Si esto fuera 1692, tú y yo habríamos sido acusadas de brujería

A propósito de la fiesta por el Día de Muertos y la tradición de los disfraces de criaturas y demonios, la autora retoma la figura de las brujas para explicar, a lo largo de diez puntos, las características que llevaban a las mujeres a la marginación, el rechazo y la horca. Andrea lo resume en sus piezas de collage y en una de las líneas de este texto: «Las mujeres siempre hemos estado más cerca de la hoguera que de la salvación y, de haber vivido en esa época, tú y yo muy seguramente habríamos sido denunciadas».

Por Andrea Mireille*

Ser mujer es un asunto complicado. Siempre lo ha sido, para nosotras, prácticamente todo tiene consecuencias inmediatas y en contra. Jamás se nos concede la ligereza con la que se juzga las acciones de los hombres y la cacería de brujas no fue la excepción. Veneradas, temidas, deseadas e imitadas, las brujas forman parte del imaginario colectivo desde tiempos en los que la ignorancia y la confusión reinaban, es decir, más o menos como ahora.

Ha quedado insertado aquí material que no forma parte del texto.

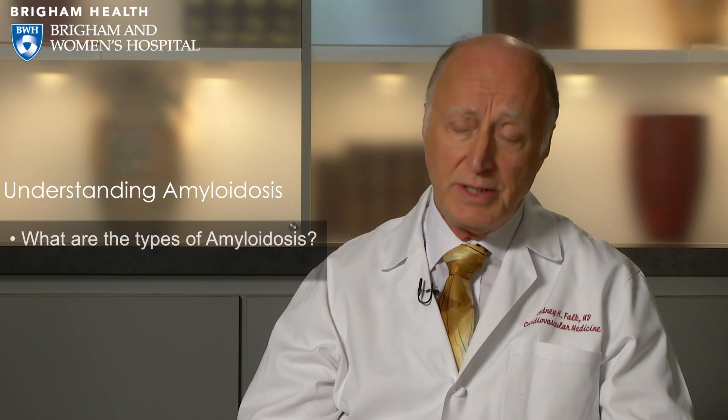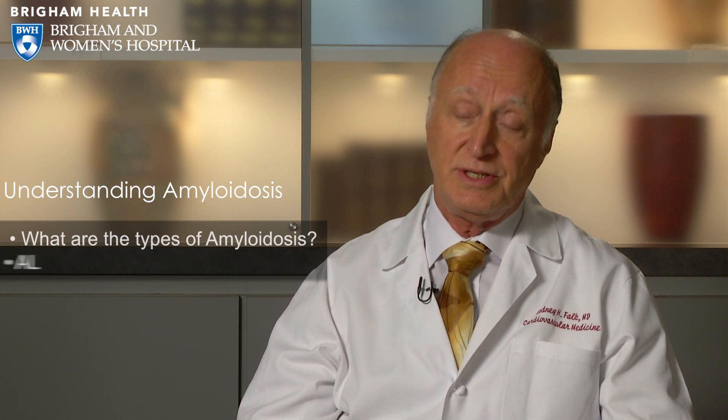The two main types of amyloidosis: one is a blood-related disease related to a disorder called multiple myeloma, in which abnormal cells called plasma cells produce an abnormal protein and that causes damage to multiple organs. There are probably some three to five thousand new cases a year in the United States of that type of amyloid, and that's the so-called AL or light chain amyloid.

Sin importar cuánto rezaras, ni qué tan «pura» fueras, en cualquier momento podías ser acusada y ejecutada. Las mujeres siempre hemos estado más cerca de la hoguera que de la salvación y, de haber vivido en esa época, tú y yo muy seguramente habríamos sido denunciadas. Esta es una lista de las razones más ridículas y misóginas por las cuales podías ser acusada de brujería.

1.Por ser mujer
A lo largo de la historia hemos sido percibidas como criaturas inferiores, malvadas y traicioneras. «El mal necesario», siempre causantes de todos los males del mundo: se nos responsabiliza, entre muchas otras cosas, de la caída de la humanidad (Eva, Pandora) y de ser la tentación y la perdición de los hombres, ya sea como vampiresas, mantis o, en el caso de las brujas, lanzando hechizos para provocar en los hombres «un amor insensato» e incluso «quitarles fuerza genital» o desaparecerles el pene.En esa época, ser mujer equivalía a ser proclive al pecado y al mal, en Salem, de 19 personas ejecutadas, 14 eran mujeres.

2.Por pensar, leer y escribir
Para mantener a las mujeres sometidas y controladas, se les encerró en el hogar y se les hizo creer que sus únicas funciones eran las interminables labores domésticas así como parir y criar. Las únicas opciones que tenían eran ser madres, hijas, esposas, sirvientas, viudas o putas.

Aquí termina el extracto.